As you can see DC01 was configured again to use the correct NTP server we have setup internally. However, something went wrong and that time server source was again set for Local CMOS Clock. Again more than likely something is not routed correctly between that DC01 and our NTP server internally. So in order to troubleshoot more at this point, we will need to break glass. Breaking glass just allows us to do more commands on our ERCS but we have to get a support token from Microsoft in order to do this.

Troubleshooting Time Sync issues after breaking glass

So we now have unlocked our ERCS session (Broke glass). Now we have access to load modules, run more advanced PowerShell scripts, and get down and dirty within Azure Stack. I love breaking glass and I really love being able to dig deep within the Azure Stack infrastructure that we normally don’t get to see.

So we just started off doing basic troubleshooting PowerShell commands again. To verify configurations and time, etc.

Write-Host “$($StampInfo.Prefix)-DC01” -ForegroundColor green
$StampInfo=get-azurestackstampinformation
Invoke-command -Computername “$($StampInfo.Prefix)-DC01” -ScriptBlock {w32tm /query /source}

This just confirmed that the source was still using Local CMOS Clock on DC01.

Write-Host “$($StampInfo.Prefix)-DC01” -ForegroundColor green
$StampInfo=get-azurestackstampinformation
Invoke-command -Computername “$($StampInfo.Prefix)-DC01” -ScriptBlock {Get-Date}

This just confirmed that our time was still off by 11 minutes and causing our issues. We then tried to force a resync which didn’t work since DC01 was still trying to use the source Local CMOS Clock. At this time we needed to verify that DC01 could communicate to the NTP server over UDP port 123. This had worked in the past since this was required for our deployment of Azure Stack. So I had assumed the ports were still open. I know for sure that any external NTP source would be blocked.

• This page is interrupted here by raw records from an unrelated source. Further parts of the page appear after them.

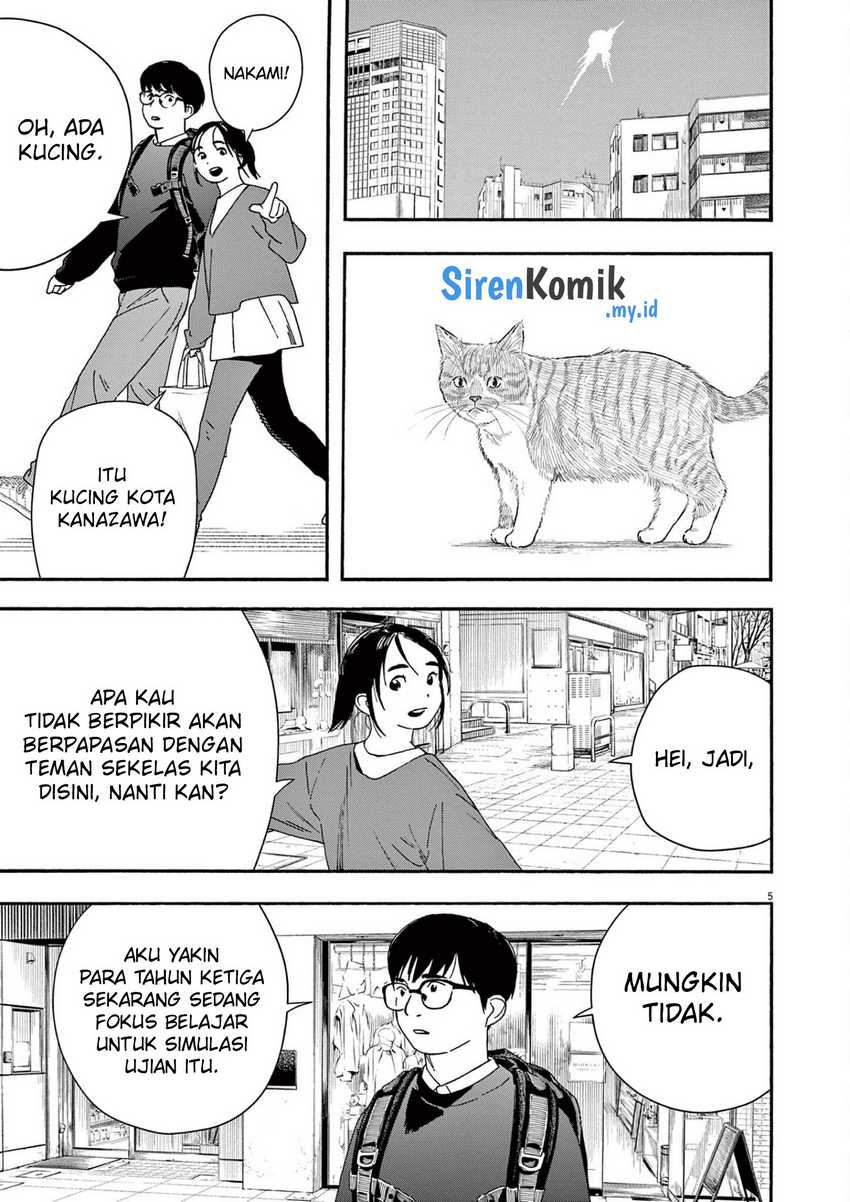 Halaman 6 dari 24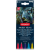 Набор цветных ручек PAINT PEN PALETTE №3, 5шт Derwent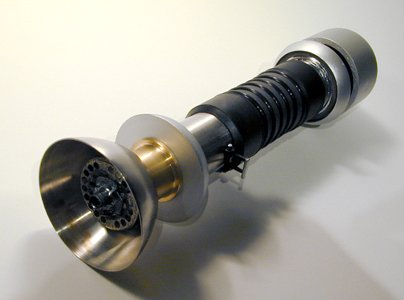 McQuarrie_Concept_Saber_01.jpg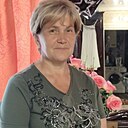 Знакомства: Ольга, 57 лет, Ярославль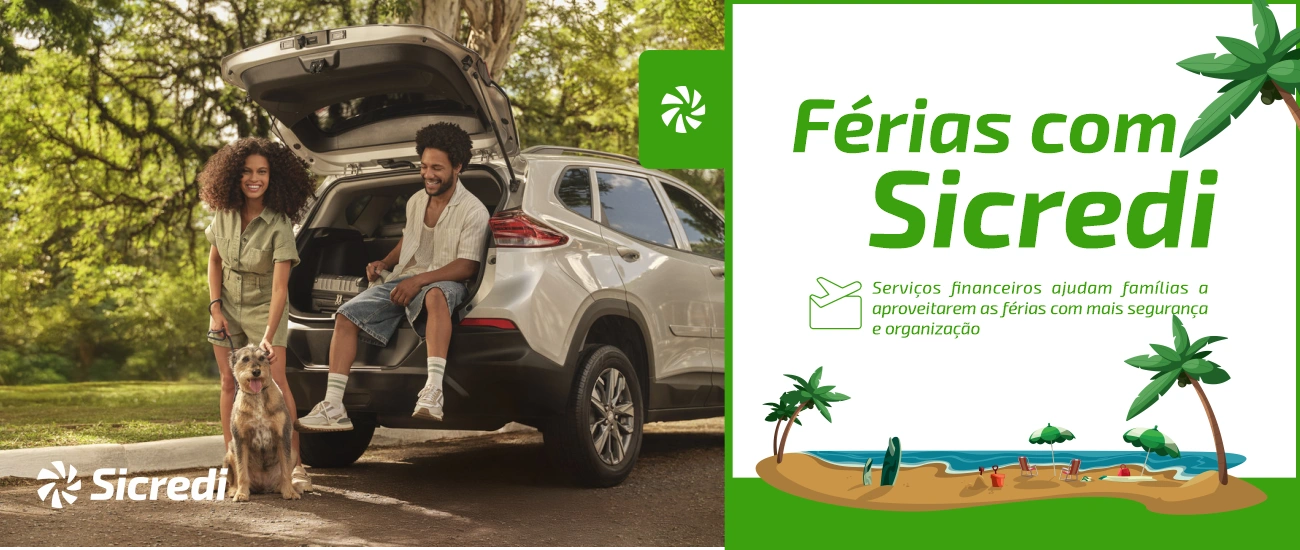 Recuperado_MODELO SITE SICREDI.png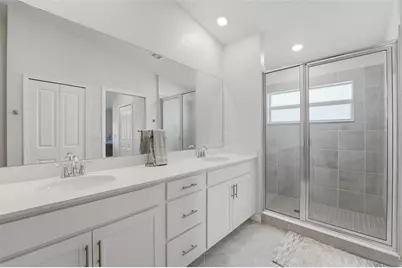 12440 Wellen Golf Street #201, Venice, FL 34293 - Photo 19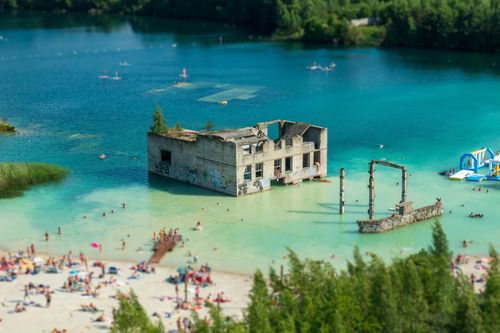 eSIM for Estonia – travel photo 2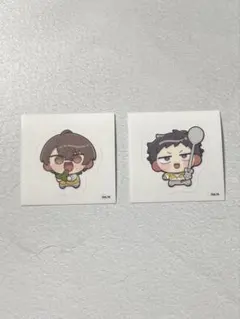 Item thumbnail for item bf67ee6d-ad00-4040-a9f2-e190be06076f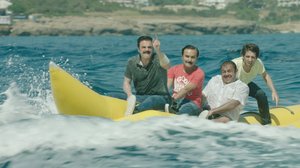 Genis_Aile_2_Her_Turlu_08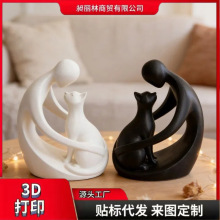 �羳��Ʒ�������c؈����[���F������[���b����b�Ʒ�[�O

We then ran the following Script to test connectivity to our NTP servers. We did one for an external address just to verify that those ports were not open and then we did a test to our internal NTP server.

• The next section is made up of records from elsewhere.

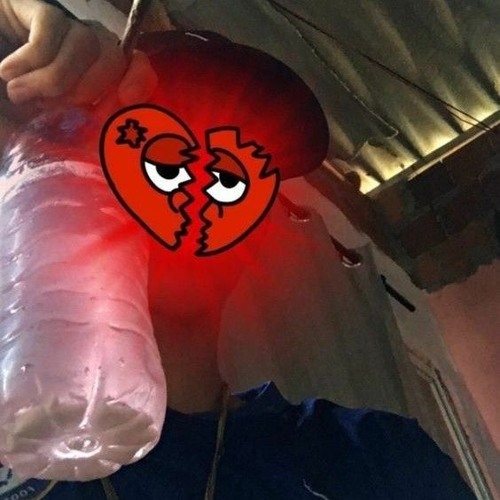 PlugPutaria!!!!(Prod.@Yung Matzu)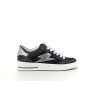 SMR NOUBAR C898 Noir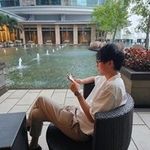 Eason Lee - @easonlee13 - Instagram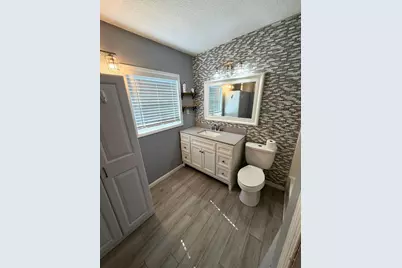 1533 2nd Avenue N, Texas City, TX 77590 - Photo 7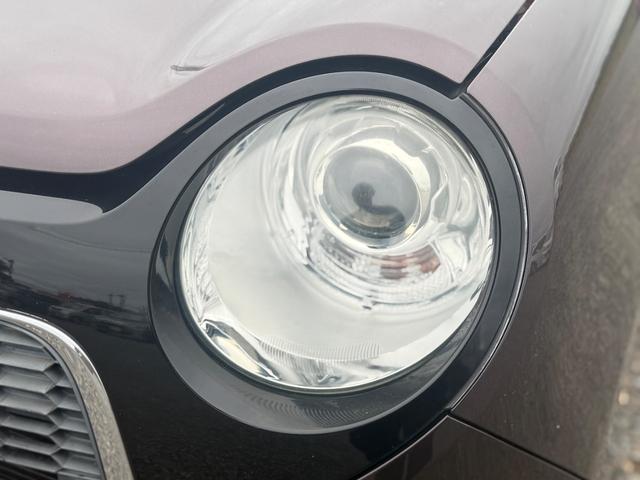 N-ONE プレミアム 衝突被害軽減システム HID スマートキー アイドリングストップ ベンチシート CVT 盗難防止システム ABS ESC アルミホイール 衝突安全ボディ エアコン パワーステアリング パワーウィンドウ(21枚目)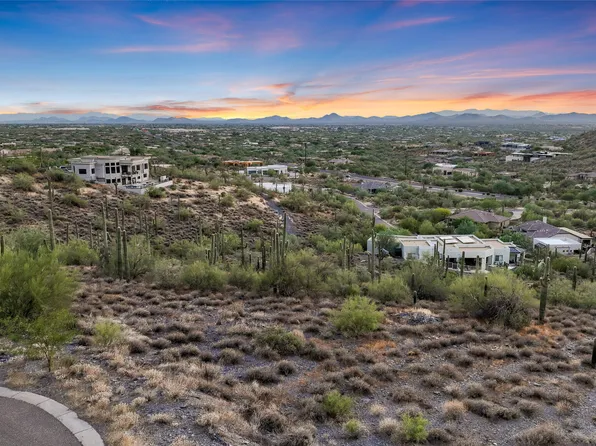 36520 N 61st Street #9, Cave Creek, AZ 85331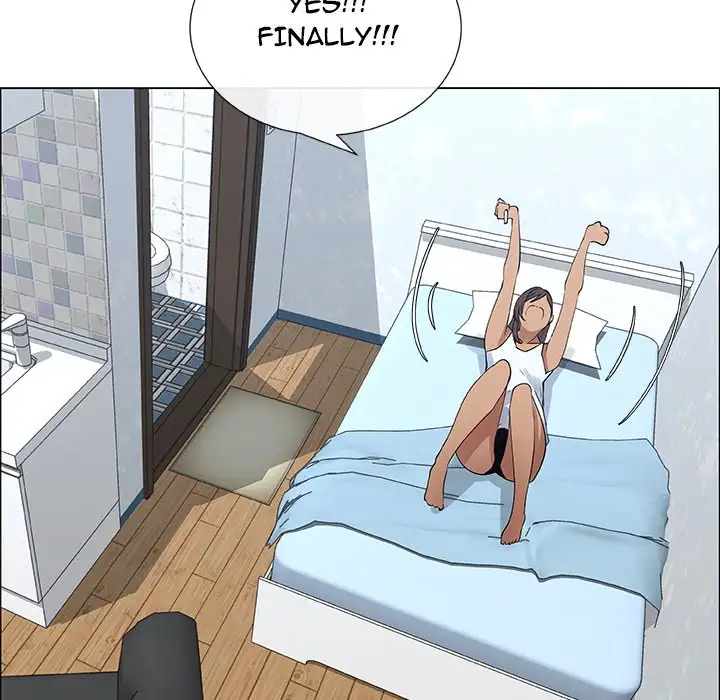 Pretty Girls chapter 23 page 67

Write-Host “$($StampInfo.Prefix)-DC01” -ForegroundColor green
$StampInfo=get-azurestackstampinformation
Invoke-command -Computername “$($StampInfo.Prefix)-DC01” -ScriptBlock {w32tm /stripchart /Computer:time.windows.com /dataonly /samples:5}

Write-Host “$($StampInfo.Prefix)-DC01” -ForegroundColor green
$StampInfo=get-azurestackstampinformation
Invoke-command -Computername “$($StampInfo.Prefix)-DC01” -ScriptBlock {w32tm /stripchart /Computer:10.91.232.117 /dataonly /samples:5}

So our results were a bit confusing. We could get a response from our external time source but our internal time source we couldn’t get anything back.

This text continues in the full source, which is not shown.